_Required action_.
Every word of the data below has to be copied faithfully.

_Source material_.
Segment Open
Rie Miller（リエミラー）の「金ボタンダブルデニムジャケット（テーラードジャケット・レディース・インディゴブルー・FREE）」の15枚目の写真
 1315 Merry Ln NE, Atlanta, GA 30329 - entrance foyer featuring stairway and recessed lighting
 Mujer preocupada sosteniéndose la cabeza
Segment Closed
_Written response_.
Rie Miller（リエミラー）の「金ボタンダブルデニムジャケット（テーラードジャケット・レディース・インディゴブルー・FREE）」の15枚目の写真
 1315 Merry Ln NE, Atlanta, GA 30329 - entrance foyer featuring stairway and recessed lighting
 Mujer preocupada sosteniéndose la cabeza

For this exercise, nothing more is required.